Canadians Conservatives are certainly wasting no time in condemning Charlottesville, such is the power of events to taint all of conservatism. Andrew Scheer, Michelle Rempel, Patrick Brown and others are making clear they have no desire to trade on the hatred Trump and others are all too willing to ignore.
They needn’t be applauded for doing what is right and obvious, but had they not done so the Liberals would have tried to hang Charlottesville’s goat horns on the party and the movement.
The true test, however, comes when the media spotlight fades and electoral needs still have to be met.

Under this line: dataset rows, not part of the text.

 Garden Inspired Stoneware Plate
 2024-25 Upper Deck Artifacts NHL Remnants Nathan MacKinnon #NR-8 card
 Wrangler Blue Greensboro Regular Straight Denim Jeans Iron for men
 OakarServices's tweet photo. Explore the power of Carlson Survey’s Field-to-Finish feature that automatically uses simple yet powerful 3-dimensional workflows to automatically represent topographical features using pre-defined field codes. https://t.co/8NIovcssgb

Will conservative politicians continue to shun the significant demographics behind the alt-right movement?
Courting these segments of the electorate wasn’t, until recently, worth the effort (to say nothing of the opprobrium). But the internet has taken what used to be a silent super-minority in any room, and linked them together into a potent online force.

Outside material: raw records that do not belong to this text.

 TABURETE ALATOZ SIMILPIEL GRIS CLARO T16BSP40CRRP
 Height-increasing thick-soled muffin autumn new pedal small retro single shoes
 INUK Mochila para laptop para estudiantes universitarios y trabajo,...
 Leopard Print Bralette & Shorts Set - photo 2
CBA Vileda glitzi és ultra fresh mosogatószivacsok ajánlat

It’s the force that delivered crucial oxygen and votes to Donald Trump in the early days of the Republican nomination, along with millions of clicks to a slew of new websites trumpeting the “alt-right.”
History will record that Trump met these “deplorables” more than halfway in his run to the presidency. Their hatred of Hillary Clinton (“lock her up”) and the establishment (“drain the swamp”), and Trump’s willingness to embrace it, was what made the “politically incorrect” real-estate mogul their choice. Trump’s embrace is what emboldened racists and supremacists to speak out and hold marches like that in Charlottesville.

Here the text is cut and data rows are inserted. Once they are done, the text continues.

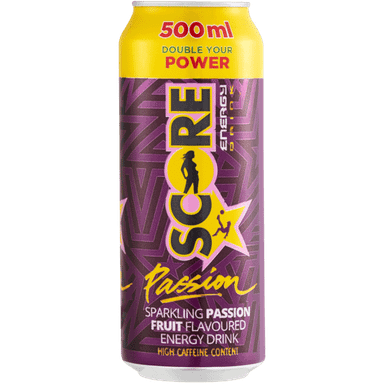 Score Guarana Passion Fruit 500ml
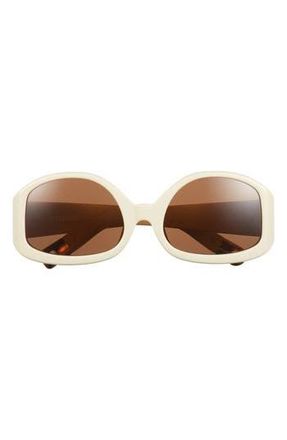 Jacquemus Colapso 50mm Rectangular Sunglasses in Beige/Gold at Nordstrom Rack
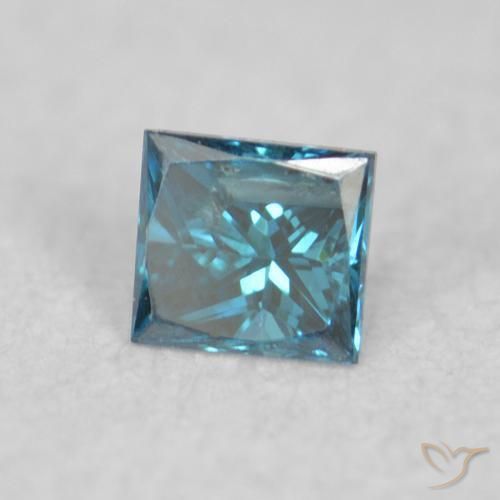 Diamante Azul Natural 0.04ct, Quadrado, VS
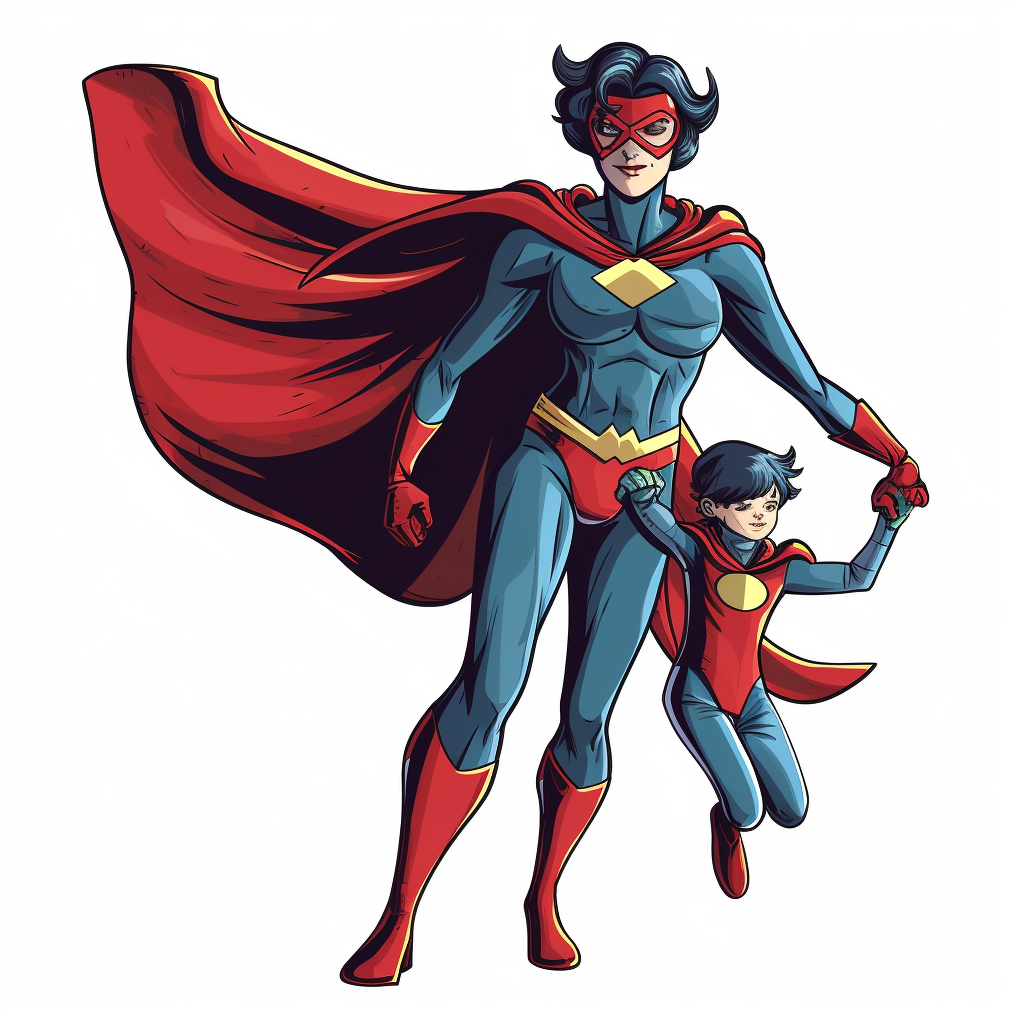 comic superhero cliparts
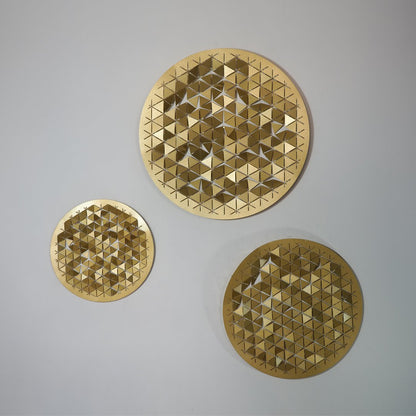 Luminous Circle Metal Table and Wall Decoration - APH140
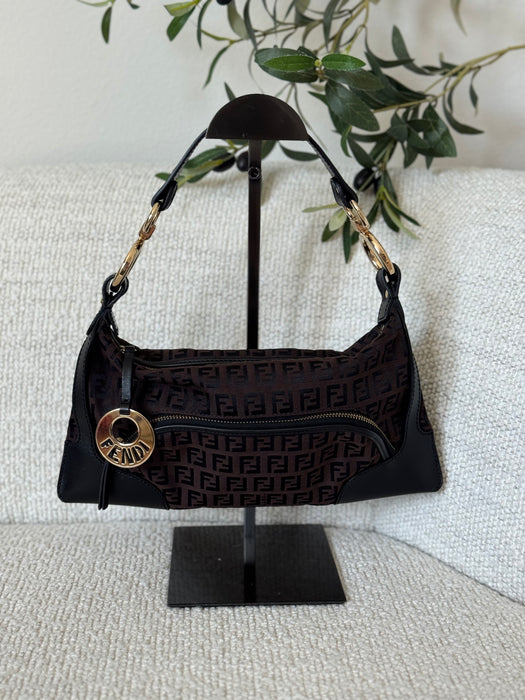 Fendi Zucchino Cuoio Chef Pocket Shoulder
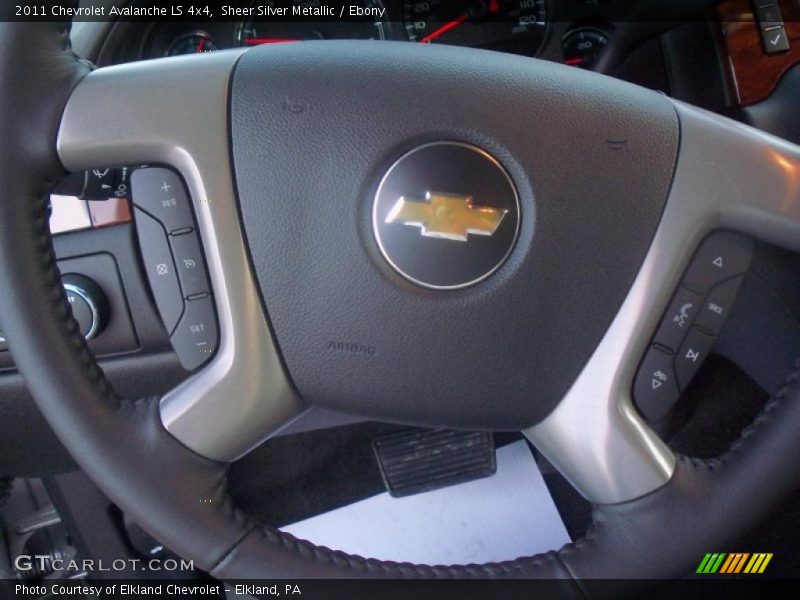 Sheer Silver Metallic / Ebony 2011 Chevrolet Avalanche LS 4x4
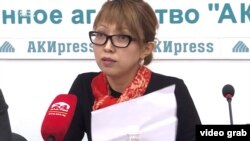 Юрист партии "Ата Мекен" Таалайгуль Токтакунова.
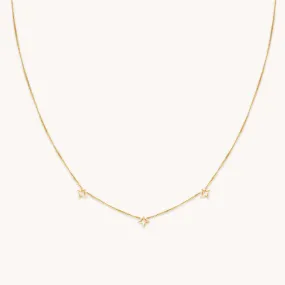 Cosmic Star Charm Necklace in Gold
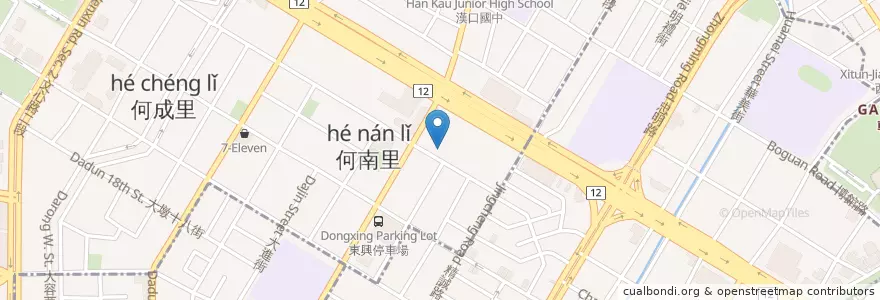 Mapa de ubicacion de 老食麵線糊 en Taiwán, Taichung.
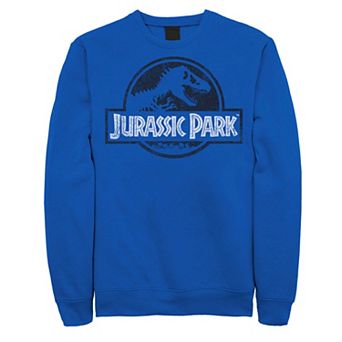 Men's Jurassic Park Peach Distressed Logo Graphic Fleece Pullover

In Canada, alt-right me-tooism led to the rise of Rebel Media, whose kingpin Ezra Levant regularly features leading U.S. and U.K. alt-right figures such as Paul Joseph Watson, Gavin McInnes, Jack Posobiec, Lauren Southern and Tommy Robinson.
This obviously doesn’t make all supporters of Donald Trump — or contributors and viewers of the Rebel, Breitbart and Infowars — neo-Nazis; it does make them guilty of poor judgment. In Levant’s case, the poor judgment was deliberate in the search for audience and revenue.
It’s precisely these growing audiences for the Rebel and its counterparts that makes them attractive to conservative politicians. It’s why Conservative candidates gave interviews to Levant’s crew during this spring’s leadership race, and why Trump hoisted Breitbart’s Steve Bannon into his campaign, then into the White House.
But a few bad apples really do spoil the whole bunch, as Levant found out this week when two of his more mainstream apples — Brian Lilley and Barbara Kay — quit rather than continue on in the wake of Charlottesville.
The lesson for Canadian Conservatives is straightforward: avoid click-merchants and work harder to promote true conservative principles.
Anyone can preach to the converted. Only the weak exploit a grievance and make it deeper. These are the marks of political cowardice, not shrewd electoral strategy.
It takes courage to take on those with extreme views in your own coalition and patience to engage with those who don’t share your political views at all.
Conservatives should speak to people, not whistle past them.